• **Problem**
Exact transcription of the data below is required, without the images.

• **Collected material**
──────────

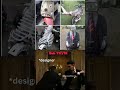 Scooters Modified in Craziest Way Ever 🤯 #shorts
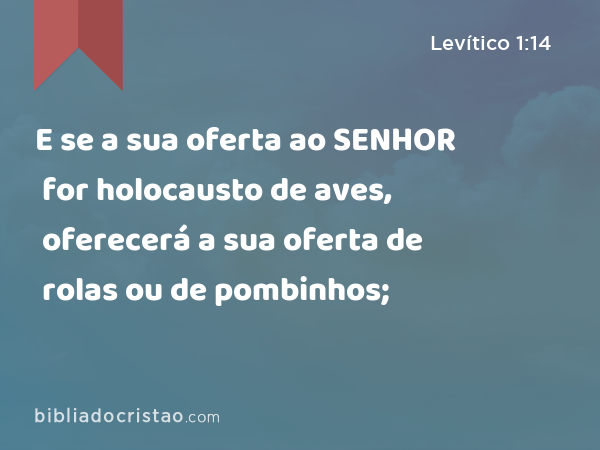 E se a sua oferta ao SENHOR for holocausto de aves, oferecerá a sua oferta de rolas ou de pombinhos; - Levítico 1:14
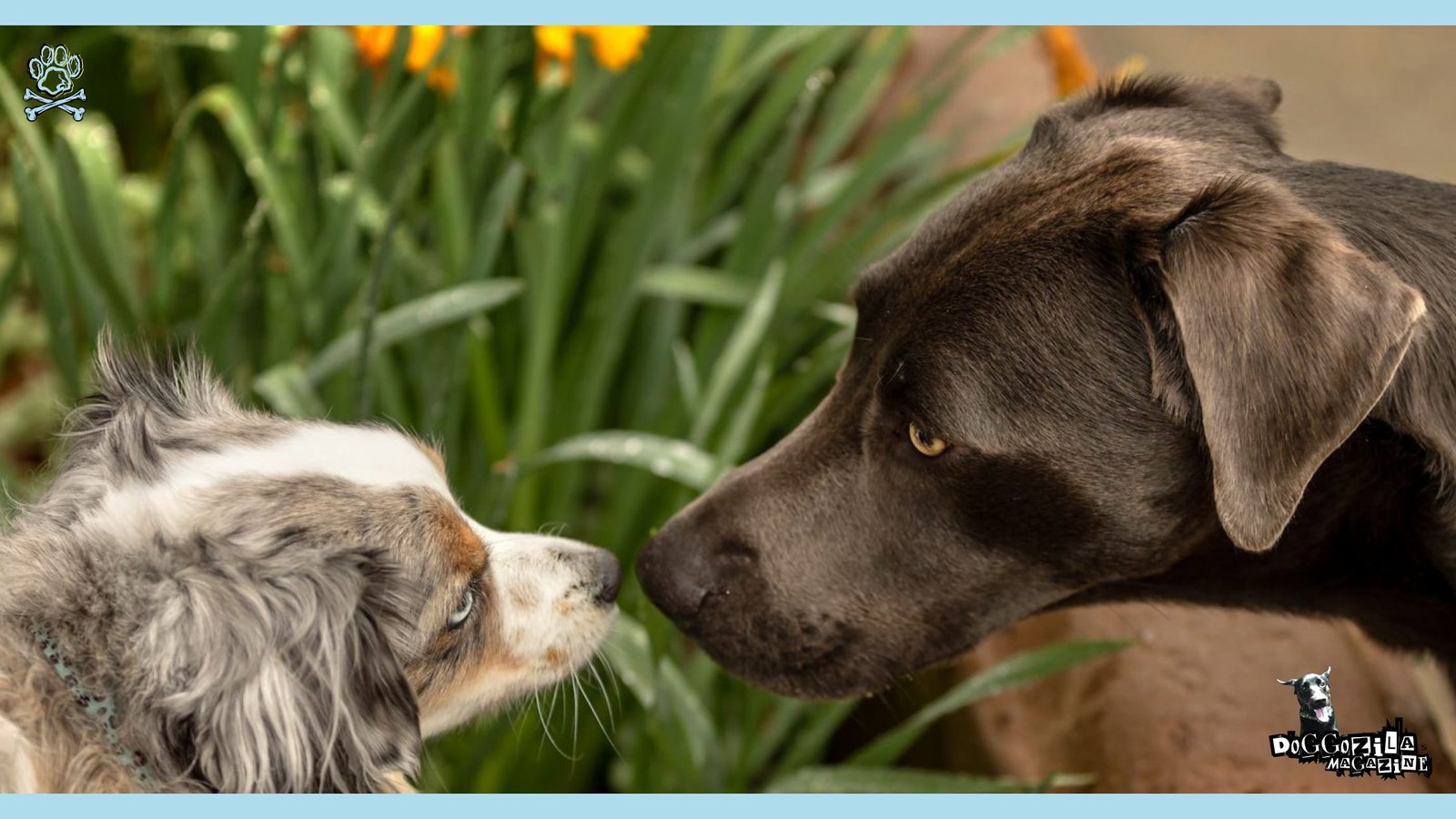 two dogs smelling each other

──────────

• **Response box**
 Scooters Modified in Craziest Way Ever 🤯 #shorts
 E se a sua oferta ao SENHOR for holocausto de aves, oferecerá a sua oferta de rolas ou de pombinhos; - Levítico 1:14
 two dogs smelling each other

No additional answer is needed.